WHAT IS EXPECTED ->
Find the line with "Marzipan fruits shaped" in the records below. Copy it and every line after it, up to and including the line with "Simply Careers logo".

THE DATA ->
######
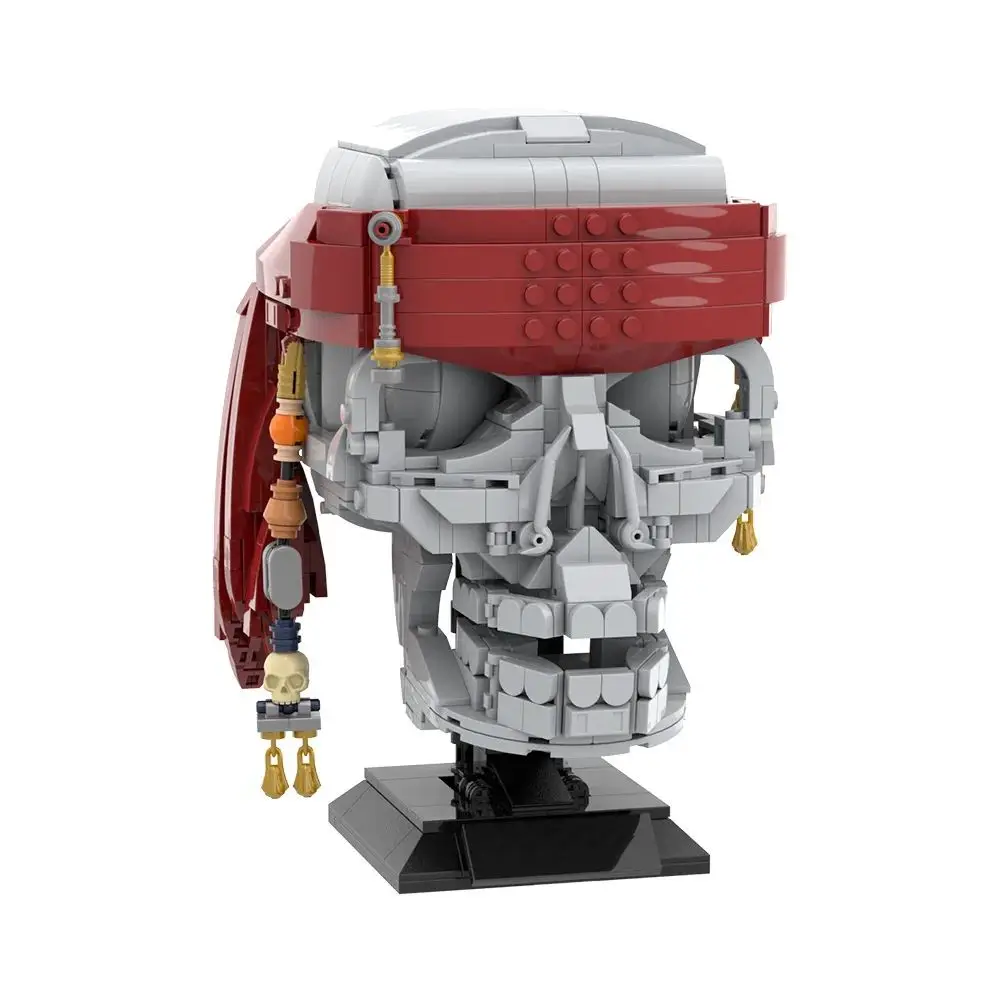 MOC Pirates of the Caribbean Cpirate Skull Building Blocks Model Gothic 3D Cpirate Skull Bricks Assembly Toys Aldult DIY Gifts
######
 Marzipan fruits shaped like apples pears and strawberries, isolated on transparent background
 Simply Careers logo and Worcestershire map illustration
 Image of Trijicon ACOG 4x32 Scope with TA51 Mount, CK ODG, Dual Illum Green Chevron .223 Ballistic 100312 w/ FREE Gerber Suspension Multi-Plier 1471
######
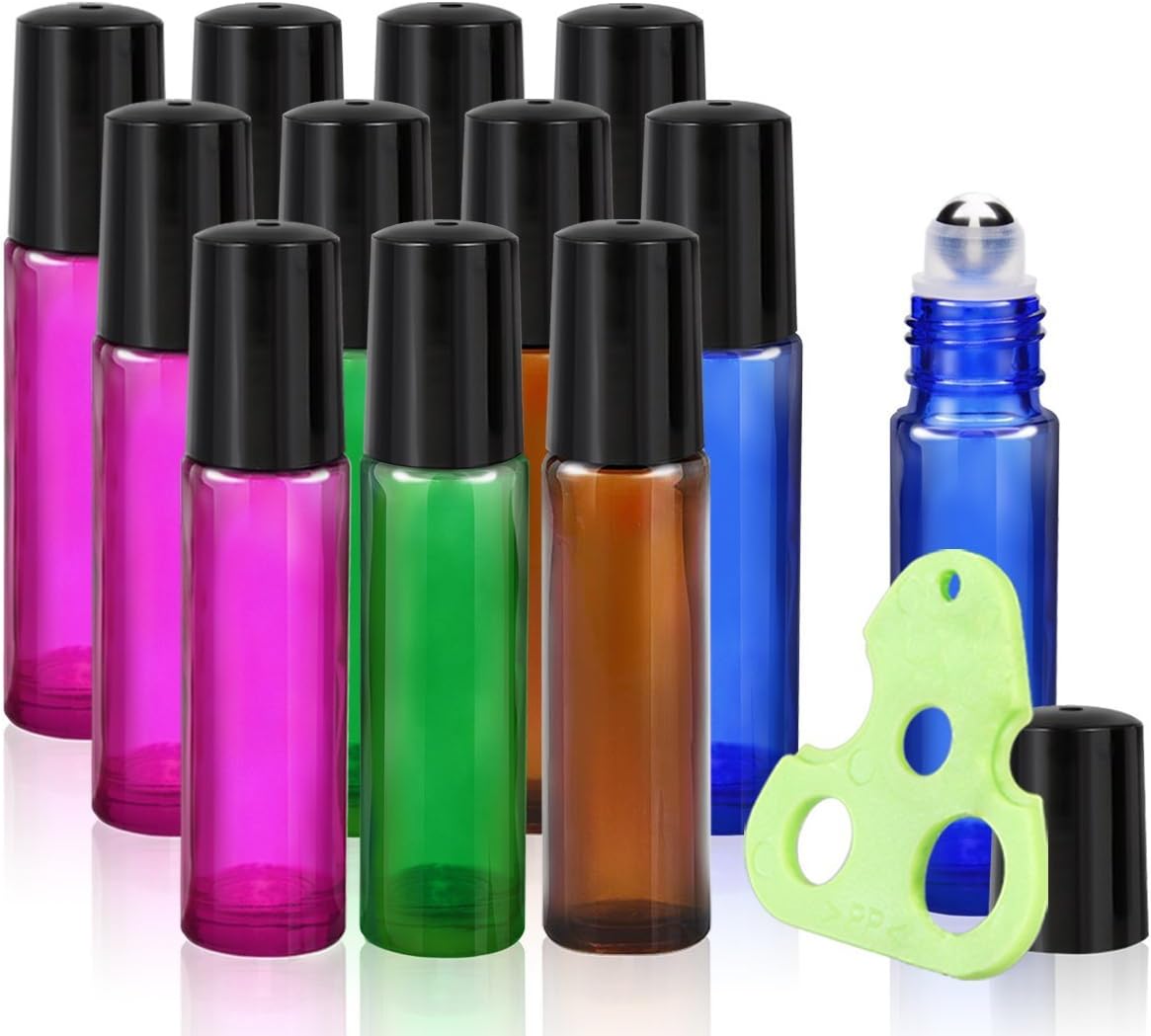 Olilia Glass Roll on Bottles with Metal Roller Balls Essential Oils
######
YOUR RESPONSE ->
 Marzipan fruits shaped like apples pears and strawberries, isolated on transparent background
 Simply Careers logo and Worcestershire map illustration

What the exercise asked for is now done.